Sunday, November 23, 2014   




Playing in the big leagues

Tony Liaw

Tuesday, August 20, 2013


Undoubtedly there are great creative minds in Hong Kong and they just need a little bit of support to bring them on to the global stage.

Local mobile application developers will now have brighter hopes after Keith Runjahn took a step further into the world to showcase his creation.

Coachbase, a digital coaching board created by Runjahn, has drawn the attention of coaching staff and players in North America. His firm, bearing the name of the application, was selected for the first Nike+Techstars accelerator program.

TechStars is considered to be the most prestigious mentorship-driven start-up accelerator. Of the 114 companies that have graduated from the TechStars program, 98 remain active, eight have been acquired and only eight have failed. The success rate for most technology start-ups is estimated at 10 percent.

"One of the biggest advantages in the program is the unlimited access the start-ups get to established tech community mentors," Runjahn said.

All this success was built from a simple idea around children, the young entrepreneur said.

A graduate of Queen's University in Kingston, Ontario, Canada, Runjahn was coach of a young team basketball of 14-year-olds. That was back in 2007, when the iPhone was first released.

Finding it difficult to get the attention of the boys, he looked for different ways to make coaching more effective.

"The kids paid much more attention to my iPhone, where I drew plays on it along with some animated diagrams," he sa
id.

"I found it very useful and started developing it into a more comprehensive application."

He quit his job as a software developer in a financial firm and looked for a new place to focus on his own work. His first thought was that Hong Kong was the best location to start his business.

And he was partly right.

The Coachbase application itself did not draw a lot of attention on the local market or even the mainland. "The value of sports is often overlooked in Asia."

But it was a hot pick in America and Europe, as the app supports coaching for sports including volleyball, American football, ice hockey, football and, of course, basketball. With the help of Cyberport, he received strong support - financially and on the knowledge front - to keep himself running.

Since then, the app has been downloaded more than 150,000 times.

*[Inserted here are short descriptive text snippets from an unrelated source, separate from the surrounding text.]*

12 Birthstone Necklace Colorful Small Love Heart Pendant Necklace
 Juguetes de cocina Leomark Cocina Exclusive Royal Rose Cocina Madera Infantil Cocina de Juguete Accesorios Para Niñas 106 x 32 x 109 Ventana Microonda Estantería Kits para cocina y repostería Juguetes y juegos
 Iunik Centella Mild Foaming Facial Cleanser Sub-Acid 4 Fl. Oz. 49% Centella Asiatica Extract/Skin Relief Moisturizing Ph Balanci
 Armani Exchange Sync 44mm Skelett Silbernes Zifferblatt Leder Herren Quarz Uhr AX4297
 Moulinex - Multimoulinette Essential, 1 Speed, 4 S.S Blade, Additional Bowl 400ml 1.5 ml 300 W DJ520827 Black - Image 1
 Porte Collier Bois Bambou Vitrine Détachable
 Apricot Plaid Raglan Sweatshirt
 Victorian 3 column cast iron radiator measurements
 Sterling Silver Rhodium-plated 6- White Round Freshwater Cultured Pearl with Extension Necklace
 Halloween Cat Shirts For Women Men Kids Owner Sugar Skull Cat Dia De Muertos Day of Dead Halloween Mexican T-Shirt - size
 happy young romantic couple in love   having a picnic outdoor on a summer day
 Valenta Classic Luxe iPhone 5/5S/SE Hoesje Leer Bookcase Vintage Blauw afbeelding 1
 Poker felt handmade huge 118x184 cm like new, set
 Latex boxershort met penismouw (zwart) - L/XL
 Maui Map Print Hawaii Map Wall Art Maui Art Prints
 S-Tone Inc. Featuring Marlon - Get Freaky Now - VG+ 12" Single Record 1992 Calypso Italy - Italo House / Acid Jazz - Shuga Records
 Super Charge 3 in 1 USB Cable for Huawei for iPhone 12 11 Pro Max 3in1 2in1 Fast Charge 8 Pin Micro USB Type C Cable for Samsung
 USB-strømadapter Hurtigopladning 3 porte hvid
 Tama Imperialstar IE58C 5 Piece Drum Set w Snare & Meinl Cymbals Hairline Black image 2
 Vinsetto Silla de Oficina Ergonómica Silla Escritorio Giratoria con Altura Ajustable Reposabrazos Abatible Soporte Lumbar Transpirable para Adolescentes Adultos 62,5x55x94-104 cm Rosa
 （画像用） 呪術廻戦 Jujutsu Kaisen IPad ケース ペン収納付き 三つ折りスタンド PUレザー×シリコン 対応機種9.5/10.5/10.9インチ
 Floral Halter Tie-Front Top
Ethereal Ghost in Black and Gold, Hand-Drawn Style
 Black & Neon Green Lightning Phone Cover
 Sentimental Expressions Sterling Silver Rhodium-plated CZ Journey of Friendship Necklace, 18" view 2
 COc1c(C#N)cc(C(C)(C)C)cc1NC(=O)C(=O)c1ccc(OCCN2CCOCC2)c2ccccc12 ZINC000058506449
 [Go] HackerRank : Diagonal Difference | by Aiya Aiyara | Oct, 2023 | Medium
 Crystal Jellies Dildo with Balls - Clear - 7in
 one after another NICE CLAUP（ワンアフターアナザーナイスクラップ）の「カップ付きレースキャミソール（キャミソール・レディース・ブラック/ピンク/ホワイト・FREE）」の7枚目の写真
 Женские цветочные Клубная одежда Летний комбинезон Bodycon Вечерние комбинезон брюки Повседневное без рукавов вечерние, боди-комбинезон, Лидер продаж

Users come from all areas, from recreational players to professional levels such as the National Basketball Association, and even to national teams. Coachbase mobile app has also stayed on the top of the chart in iTunes Store, Mac Store and Google Play for some time.

But what keeps Coachbase excelling is the after-sale services that Runjahn has focused heavily on. He said he did not know that the Wizards, the NBA team of Washington DC, had bought the application.

"Then one day, some coaching staff e-mailed me a request to modify some functions," Runjahn said. "I then realized they were using Coachbase."

The application is modified from time to time to provide that best experience for the customers.

Now, Coachbase supports cloud computing technology, allowing coaches to put playbooks on the server and sync content across different platforms, including iOS, OSX, Android and other major operating systems.

Runjahn is now bringing this app to high schools in the United States as the market is huge.

"There are similar programs sold to colleges and universities, but not to high schools yet," he said.

"The potential is so big there, and the app is especially helpful in coaching kids."